There are many risks he should consider in 2026. Trump could escalate his trade war. As the U.S. economy slows, might Trump act on his longtime desire for a weaker dollar? That could blow up the yen-carry trade, whereby investment funds borrow cheaply in Tokyo to bet on higher-yielding assets around the globe.

Geopolitical risks abound, too: Russia expanding its war in Ukraine to a NATO country; China and Japan tensions reaching a fever pitch over Taiwan; a sharp Chinese downturn, should its property crisis deepen; and an oil spike amid renewed turmoil in the Middle East and Venezuela.

By now, most Japan experts admit that a quarter-century of zero rates did more harm than good. Rather than reviving its animal spirits, free money and currency manipulation deadened Tokyo’s urgency to reduce bureaucracy, make labor markets more meritocratic, catalyze a start-up boom, increase productivity, narrow the gender-pay gap, and make Tokyo more hospitable to multinational companies.
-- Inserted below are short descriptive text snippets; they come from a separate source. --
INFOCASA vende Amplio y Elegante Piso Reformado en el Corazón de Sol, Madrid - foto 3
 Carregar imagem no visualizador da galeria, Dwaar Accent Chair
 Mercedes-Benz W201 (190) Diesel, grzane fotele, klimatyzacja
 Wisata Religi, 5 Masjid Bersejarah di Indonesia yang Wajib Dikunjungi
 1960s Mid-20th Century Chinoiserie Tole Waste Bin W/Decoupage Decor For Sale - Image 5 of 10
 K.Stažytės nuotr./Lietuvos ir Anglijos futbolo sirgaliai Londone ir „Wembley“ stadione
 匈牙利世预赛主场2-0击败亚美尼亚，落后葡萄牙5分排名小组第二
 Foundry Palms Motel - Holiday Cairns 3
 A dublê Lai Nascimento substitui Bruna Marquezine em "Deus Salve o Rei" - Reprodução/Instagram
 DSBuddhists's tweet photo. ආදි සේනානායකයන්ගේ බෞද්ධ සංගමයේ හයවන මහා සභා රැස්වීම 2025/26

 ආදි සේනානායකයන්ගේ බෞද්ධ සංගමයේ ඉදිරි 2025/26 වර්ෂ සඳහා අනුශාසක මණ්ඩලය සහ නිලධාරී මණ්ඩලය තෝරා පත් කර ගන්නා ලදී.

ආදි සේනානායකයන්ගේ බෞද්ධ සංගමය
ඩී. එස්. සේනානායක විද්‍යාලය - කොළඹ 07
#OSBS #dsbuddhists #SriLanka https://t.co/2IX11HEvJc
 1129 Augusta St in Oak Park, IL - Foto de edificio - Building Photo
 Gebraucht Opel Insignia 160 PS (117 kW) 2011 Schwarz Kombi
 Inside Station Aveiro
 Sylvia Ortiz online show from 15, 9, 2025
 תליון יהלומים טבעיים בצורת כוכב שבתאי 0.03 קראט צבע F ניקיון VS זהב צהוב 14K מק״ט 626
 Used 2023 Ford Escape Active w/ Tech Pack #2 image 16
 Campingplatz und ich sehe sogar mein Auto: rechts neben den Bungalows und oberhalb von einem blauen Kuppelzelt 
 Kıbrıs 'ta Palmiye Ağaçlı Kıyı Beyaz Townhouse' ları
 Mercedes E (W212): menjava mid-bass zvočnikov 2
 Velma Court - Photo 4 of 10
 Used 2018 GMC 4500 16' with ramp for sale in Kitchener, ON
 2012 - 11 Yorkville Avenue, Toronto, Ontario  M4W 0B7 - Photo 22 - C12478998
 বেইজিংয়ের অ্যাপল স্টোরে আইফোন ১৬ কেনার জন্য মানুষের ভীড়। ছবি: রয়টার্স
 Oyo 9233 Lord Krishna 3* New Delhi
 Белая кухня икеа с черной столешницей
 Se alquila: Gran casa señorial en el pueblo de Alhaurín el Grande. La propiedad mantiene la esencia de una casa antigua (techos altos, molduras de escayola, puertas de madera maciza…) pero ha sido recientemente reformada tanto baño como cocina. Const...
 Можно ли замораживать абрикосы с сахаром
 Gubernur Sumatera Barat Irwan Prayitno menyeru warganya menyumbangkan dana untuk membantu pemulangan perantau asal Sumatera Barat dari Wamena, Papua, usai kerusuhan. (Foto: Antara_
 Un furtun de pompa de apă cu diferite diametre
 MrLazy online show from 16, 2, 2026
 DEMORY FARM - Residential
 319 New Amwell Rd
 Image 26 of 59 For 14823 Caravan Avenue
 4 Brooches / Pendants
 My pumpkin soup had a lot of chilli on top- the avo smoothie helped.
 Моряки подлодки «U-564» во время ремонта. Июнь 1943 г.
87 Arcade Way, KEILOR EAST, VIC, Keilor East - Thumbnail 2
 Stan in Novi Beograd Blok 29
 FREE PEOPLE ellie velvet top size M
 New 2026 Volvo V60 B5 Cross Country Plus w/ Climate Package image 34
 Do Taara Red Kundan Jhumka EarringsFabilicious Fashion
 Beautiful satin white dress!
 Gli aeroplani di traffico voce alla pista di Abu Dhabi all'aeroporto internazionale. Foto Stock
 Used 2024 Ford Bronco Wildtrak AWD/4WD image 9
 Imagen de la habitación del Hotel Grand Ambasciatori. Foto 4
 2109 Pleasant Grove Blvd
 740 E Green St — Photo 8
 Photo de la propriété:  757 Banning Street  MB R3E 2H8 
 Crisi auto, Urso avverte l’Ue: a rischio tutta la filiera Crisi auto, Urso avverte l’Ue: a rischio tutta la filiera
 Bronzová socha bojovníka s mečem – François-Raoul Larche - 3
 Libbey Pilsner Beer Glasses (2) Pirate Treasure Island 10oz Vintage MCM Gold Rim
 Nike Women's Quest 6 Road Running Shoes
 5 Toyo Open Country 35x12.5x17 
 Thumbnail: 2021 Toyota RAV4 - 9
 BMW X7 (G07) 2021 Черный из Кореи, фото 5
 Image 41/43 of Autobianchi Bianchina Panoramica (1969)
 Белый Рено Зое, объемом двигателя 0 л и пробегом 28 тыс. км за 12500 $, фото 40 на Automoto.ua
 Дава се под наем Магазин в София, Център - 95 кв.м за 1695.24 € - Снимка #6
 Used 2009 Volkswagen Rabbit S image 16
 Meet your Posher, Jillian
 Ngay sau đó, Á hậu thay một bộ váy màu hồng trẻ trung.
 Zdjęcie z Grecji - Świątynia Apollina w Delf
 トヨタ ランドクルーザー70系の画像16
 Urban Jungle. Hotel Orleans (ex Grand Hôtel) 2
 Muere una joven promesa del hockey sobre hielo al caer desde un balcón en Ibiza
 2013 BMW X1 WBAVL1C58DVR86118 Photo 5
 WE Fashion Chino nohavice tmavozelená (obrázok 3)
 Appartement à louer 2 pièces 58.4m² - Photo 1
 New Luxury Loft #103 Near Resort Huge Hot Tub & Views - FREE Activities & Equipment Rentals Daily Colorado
Zero rates took the pressure off corporate chieftains to restructure, innovate, and take risks, as Japan Inc. did before QE arrived. It is good that Tokyo prodded companies to tighten corporate governance, which has helped drive the Nikkei 225 Stock Average to record highs. It would be better if Japan Inc. had an answer to Chinese success stories like BYD or DeepSeek or a clearer plan to catch up in the semiconductor race.

Unfortunately, Sanaenomics has little to say about raising Japanese competitiveness. It has lots to say, though, about how Japan’s stint as the world’s ATM should be extended indefinitely. You can see why Ueda faces a difficult gauntlet of political challenges, nevermind the chaotic economic rapids he will encounter next year.

All I’ll say is good luck keeping this latest attempt at policy normalization going.